Wednesday’s 65km ride from Bagnères-de-Luchon to Saint-Lary-Soulan is barely more than a quarter of the distance of Tuesday’s chaotic stage 16, won by Julian Alaphilippe and negotiated safely by Geraint Thomas, Chris Froome and their pursuers, but it is both brutal and relentless. It is made up of three tough climbs and two treacherous descents which will be raced at high speed, and could bring more crashes like the one Adam Yates suffered with the stage win at his mercy.
“It will be a tough day,” said Thomas after stage 16. “A good two hours of climb. We’ll try to keep riding together. There’s no point in going too soon because that climb is really hard and steep. I won’t be going on the offence too early, that’s for sure, it’s a big day of climbing.”
Stage 17 begins in a gridded start with Thomas’s yellow jersey on pole, in order to avoid an unsafe dash to the immediate climb up the Montée de Peyragudes, a gruelling 14.9km at 6.7 per cent average gradient which cracked Froome last year.
Every rider will want to be in a breakaway, but the way the stage is structured is likely to setup up a straight shootout between the main general classification contenders, with a brave and attacking ride likely to bring the greatest reward – and risk.
“It’s different but I get to start at the front,” said Thomas. “It’s always great to wear the yellow jersey but we’ll see how tomorrow goes.”

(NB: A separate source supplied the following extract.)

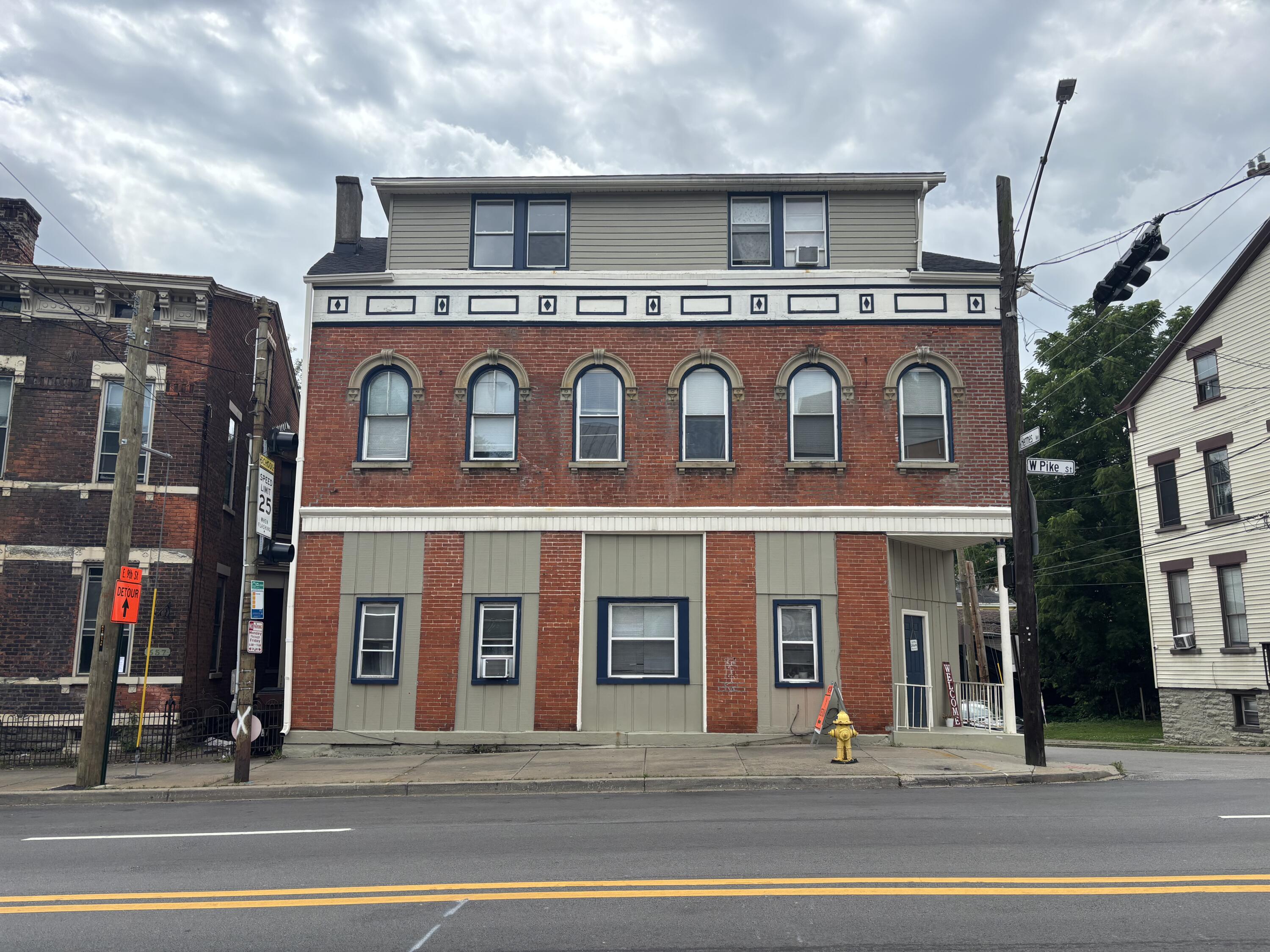 661 W Pike Street Property Photo 1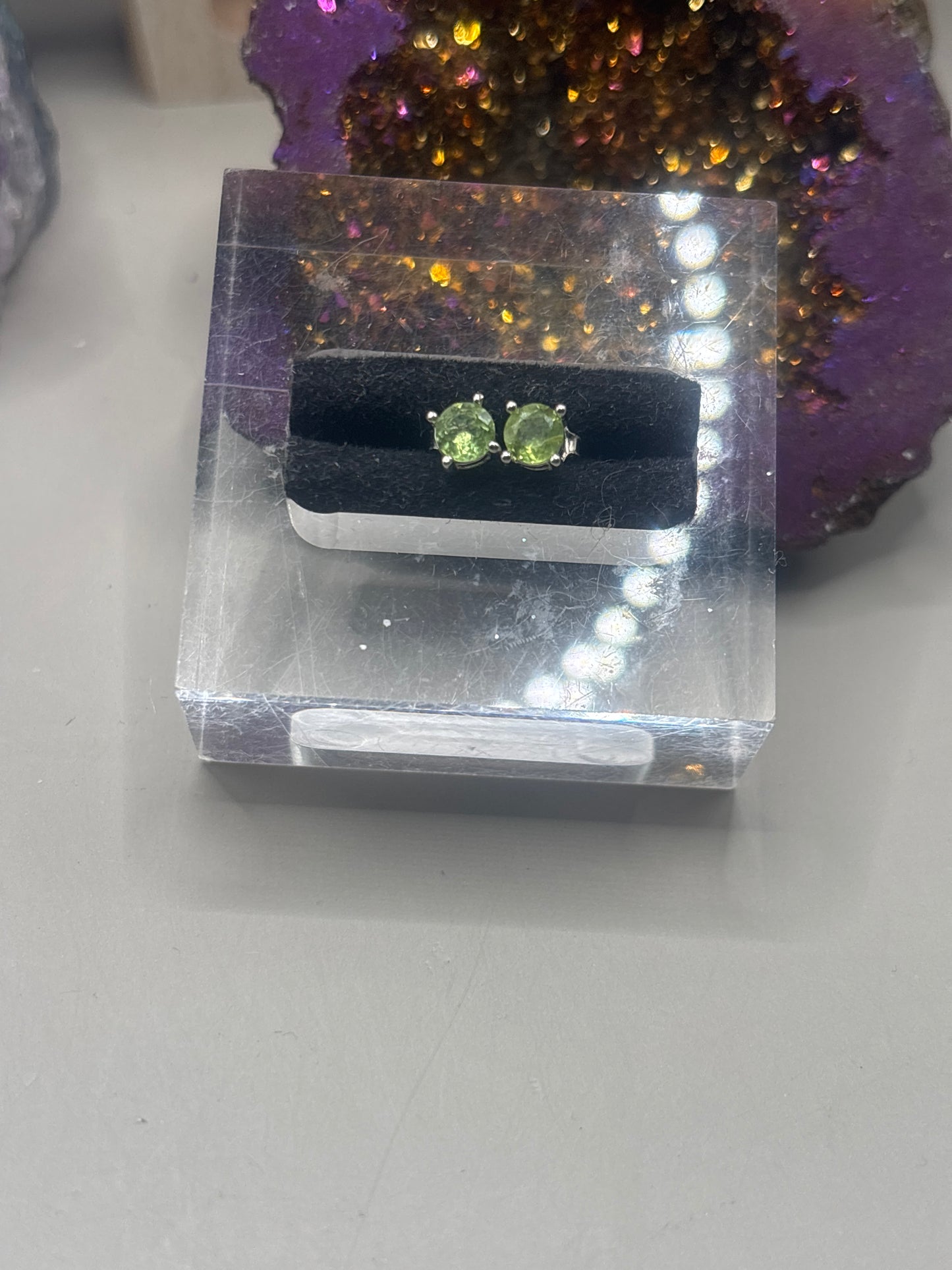 Peridot schlichte Ohrstecker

Next comes a sharp descent to the smallest of the three climbs, the Col de Val Louron-Azet, but 7.4km at an average gradient of 8.3 per cent is enough to seriously damage one of the leading contenders.
After another quick descent comes the Col du Portet, one of the toughest climbs in the Pyrenees which immediately kicks up more than nine per cent and never lets up, draining the legs for 16km.
The Portet is making its debut in the Tour and it will be memorable: the 65km to its summit, 2,215m above sea level, might just decide the fate of the yellow jersey.
The replay is hard to watch without wincing. Philippe Gilbert was out on his own leading stage 16 of the Tour de France when he lost control of his bike on a left bend. His front wheel gave way on the damp asphalt, and as he wrestled with his handlebars he veered terrifyingly towards the edge of the mountain pass.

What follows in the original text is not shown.